# Denton and Sasquatch Podcast #89



## Sasquatch (Dec 12, 2014)

Is all the talk about gun control meant to protect people or take away Rights? We dive in and try to make sense of it all.

https://www.podomatic.com/podcasts/dentonandsasshow/episodes/2018-02-25T21_33_33-08_00

For the Tubers....


----------



## Denton (Sep 18, 2012)

Seems we are blocked in our own country.


----------



## Sasquatch (Dec 12, 2014)

Denton said:


> Seems we are blocked in our own country.


Fixed it! :vs_mad:


----------



## Leeroy Jenkins (May 16, 2015)

Here's the school you guys talked about.

https://www.nbcnews.com/nightly-news/video/inside-the-safest-school-in-america-1166029891710


----------



## MountainGirl (Oct 29, 2017)

Good show, guys. Nice Parkland analysis; everything you guessed about turned out to be the case. Well done and the guns segment was spot on too.


----------



## Sasquatch (Dec 12, 2014)

MountainGirl said:


> Good show, guys. Nice Parkland analysis; everything you guessed about turned out to be the case. Well done and the guns segment was spot on too.

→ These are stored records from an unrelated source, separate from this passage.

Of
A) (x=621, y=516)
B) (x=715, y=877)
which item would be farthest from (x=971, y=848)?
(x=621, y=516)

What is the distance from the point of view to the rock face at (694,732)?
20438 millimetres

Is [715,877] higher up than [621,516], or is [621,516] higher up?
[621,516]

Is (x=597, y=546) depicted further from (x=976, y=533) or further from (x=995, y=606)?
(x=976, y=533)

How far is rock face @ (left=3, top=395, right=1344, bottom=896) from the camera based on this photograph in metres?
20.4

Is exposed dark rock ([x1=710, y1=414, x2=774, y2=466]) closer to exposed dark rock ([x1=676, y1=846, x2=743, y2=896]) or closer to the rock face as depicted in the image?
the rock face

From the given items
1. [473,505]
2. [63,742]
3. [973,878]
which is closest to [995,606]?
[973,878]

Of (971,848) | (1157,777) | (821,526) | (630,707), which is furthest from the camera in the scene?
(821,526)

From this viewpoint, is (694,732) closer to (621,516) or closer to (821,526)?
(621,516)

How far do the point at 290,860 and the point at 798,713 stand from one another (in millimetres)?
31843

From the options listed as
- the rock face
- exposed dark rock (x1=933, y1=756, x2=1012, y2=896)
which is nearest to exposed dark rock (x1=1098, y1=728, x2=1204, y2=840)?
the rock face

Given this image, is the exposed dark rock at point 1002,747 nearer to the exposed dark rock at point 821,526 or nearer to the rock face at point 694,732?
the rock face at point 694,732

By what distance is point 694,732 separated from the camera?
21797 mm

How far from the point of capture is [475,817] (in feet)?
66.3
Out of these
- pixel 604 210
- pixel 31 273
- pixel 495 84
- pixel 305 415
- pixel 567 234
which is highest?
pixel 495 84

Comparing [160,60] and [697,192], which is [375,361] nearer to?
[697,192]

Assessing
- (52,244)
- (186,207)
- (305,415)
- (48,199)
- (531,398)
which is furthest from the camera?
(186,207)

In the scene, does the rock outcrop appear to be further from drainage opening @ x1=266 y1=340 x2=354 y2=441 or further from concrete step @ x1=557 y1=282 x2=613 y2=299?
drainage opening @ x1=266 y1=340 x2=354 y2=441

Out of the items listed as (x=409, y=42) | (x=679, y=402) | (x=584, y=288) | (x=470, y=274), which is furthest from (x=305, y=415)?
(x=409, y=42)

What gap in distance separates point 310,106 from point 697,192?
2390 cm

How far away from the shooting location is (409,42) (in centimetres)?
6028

I can't even remember what I had for lunch yesterday and you expect me to remember what we talked about 3 shows ago!

Haha. Thanks for the support. Hope we keep you entertained and informed.

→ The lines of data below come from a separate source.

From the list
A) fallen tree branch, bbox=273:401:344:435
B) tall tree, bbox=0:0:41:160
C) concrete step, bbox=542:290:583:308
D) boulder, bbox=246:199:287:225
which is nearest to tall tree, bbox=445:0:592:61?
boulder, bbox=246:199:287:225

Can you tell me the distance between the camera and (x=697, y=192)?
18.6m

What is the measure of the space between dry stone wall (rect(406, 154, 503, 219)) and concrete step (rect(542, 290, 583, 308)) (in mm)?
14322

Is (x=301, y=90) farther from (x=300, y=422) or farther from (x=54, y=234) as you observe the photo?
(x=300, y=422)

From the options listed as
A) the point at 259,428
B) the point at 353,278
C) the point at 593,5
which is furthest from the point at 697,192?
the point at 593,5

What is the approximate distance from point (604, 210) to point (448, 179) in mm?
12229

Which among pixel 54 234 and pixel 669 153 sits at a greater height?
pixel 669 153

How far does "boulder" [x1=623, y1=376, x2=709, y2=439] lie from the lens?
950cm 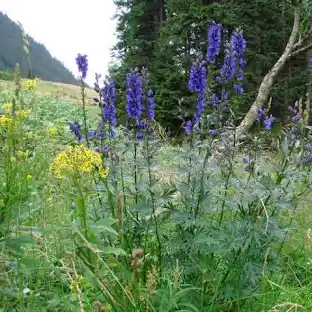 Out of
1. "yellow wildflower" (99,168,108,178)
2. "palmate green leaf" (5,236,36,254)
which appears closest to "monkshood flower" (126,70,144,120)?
"yellow wildflower" (99,168,108,178)

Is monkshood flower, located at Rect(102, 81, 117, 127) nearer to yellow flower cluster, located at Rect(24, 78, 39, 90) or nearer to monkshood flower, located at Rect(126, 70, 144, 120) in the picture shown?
monkshood flower, located at Rect(126, 70, 144, 120)

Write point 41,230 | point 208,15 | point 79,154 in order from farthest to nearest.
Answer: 1. point 208,15
2. point 41,230
3. point 79,154

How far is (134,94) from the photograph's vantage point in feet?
10.8

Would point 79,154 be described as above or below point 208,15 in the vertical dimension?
below

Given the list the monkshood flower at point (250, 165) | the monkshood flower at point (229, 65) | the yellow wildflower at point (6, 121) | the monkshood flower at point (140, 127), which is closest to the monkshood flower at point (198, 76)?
the monkshood flower at point (229, 65)

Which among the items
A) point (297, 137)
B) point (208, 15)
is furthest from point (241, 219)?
point (208, 15)

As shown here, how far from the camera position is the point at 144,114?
3.50 metres

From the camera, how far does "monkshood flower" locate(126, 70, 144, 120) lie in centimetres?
325

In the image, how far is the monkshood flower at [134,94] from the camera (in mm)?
3252

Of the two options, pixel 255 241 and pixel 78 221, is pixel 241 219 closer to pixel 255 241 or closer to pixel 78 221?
pixel 255 241

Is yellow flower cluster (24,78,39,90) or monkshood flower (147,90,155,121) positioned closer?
yellow flower cluster (24,78,39,90)

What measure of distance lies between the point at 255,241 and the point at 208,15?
49.0ft

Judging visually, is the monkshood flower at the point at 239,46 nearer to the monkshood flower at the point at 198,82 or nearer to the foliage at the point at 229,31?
the monkshood flower at the point at 198,82

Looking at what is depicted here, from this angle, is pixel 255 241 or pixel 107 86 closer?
pixel 255 241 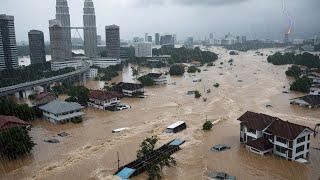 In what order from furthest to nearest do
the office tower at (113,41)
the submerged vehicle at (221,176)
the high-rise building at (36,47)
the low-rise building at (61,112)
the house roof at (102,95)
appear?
the office tower at (113,41) < the high-rise building at (36,47) < the house roof at (102,95) < the low-rise building at (61,112) < the submerged vehicle at (221,176)

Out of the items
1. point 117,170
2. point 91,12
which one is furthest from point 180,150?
point 91,12

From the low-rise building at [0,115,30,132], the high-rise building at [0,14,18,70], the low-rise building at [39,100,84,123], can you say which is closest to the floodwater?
the low-rise building at [39,100,84,123]

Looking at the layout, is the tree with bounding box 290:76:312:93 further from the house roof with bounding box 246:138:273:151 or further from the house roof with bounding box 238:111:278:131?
the house roof with bounding box 246:138:273:151

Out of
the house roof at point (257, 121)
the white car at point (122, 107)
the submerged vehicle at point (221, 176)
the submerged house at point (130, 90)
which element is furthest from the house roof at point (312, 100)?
the submerged vehicle at point (221, 176)

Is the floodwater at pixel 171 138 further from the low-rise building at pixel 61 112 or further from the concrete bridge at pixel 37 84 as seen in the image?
the concrete bridge at pixel 37 84

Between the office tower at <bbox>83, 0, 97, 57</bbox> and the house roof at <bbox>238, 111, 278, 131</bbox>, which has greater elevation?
the office tower at <bbox>83, 0, 97, 57</bbox>

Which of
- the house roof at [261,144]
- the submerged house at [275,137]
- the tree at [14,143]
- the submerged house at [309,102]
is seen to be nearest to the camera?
the submerged house at [275,137]

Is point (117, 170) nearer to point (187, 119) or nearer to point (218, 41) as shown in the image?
point (187, 119) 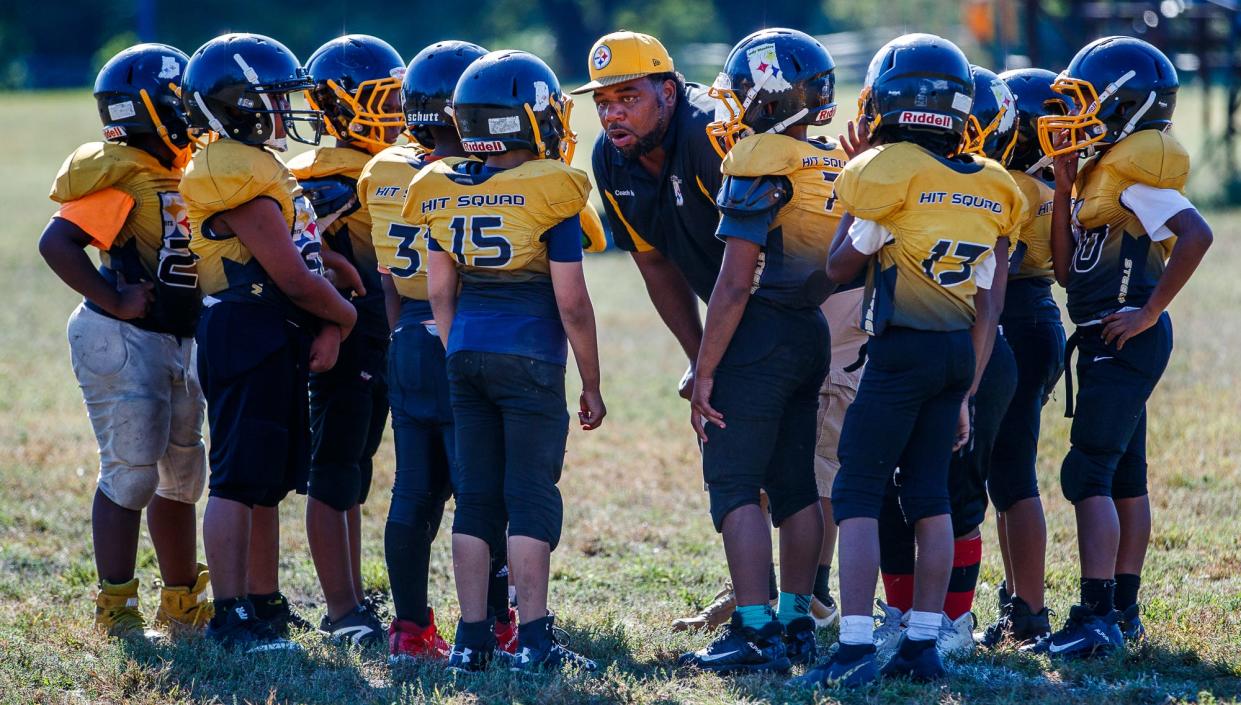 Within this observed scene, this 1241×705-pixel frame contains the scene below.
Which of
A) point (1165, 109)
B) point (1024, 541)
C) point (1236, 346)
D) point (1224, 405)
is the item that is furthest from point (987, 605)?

Sent from my SM-G900V using Tapatalk


----------



## sideKahr (Oct 15, 2014)

Sasquatch said:


> I can't even remember what I had for lunch yesterday...


That's EASY








Enjoyed the show.


----------



## Sasquatch (Dec 12, 2014)

sideKahr said:


> That's EASY
> View attachment 72049
> 
> 
> Enjoyed the show.


Touche!


----------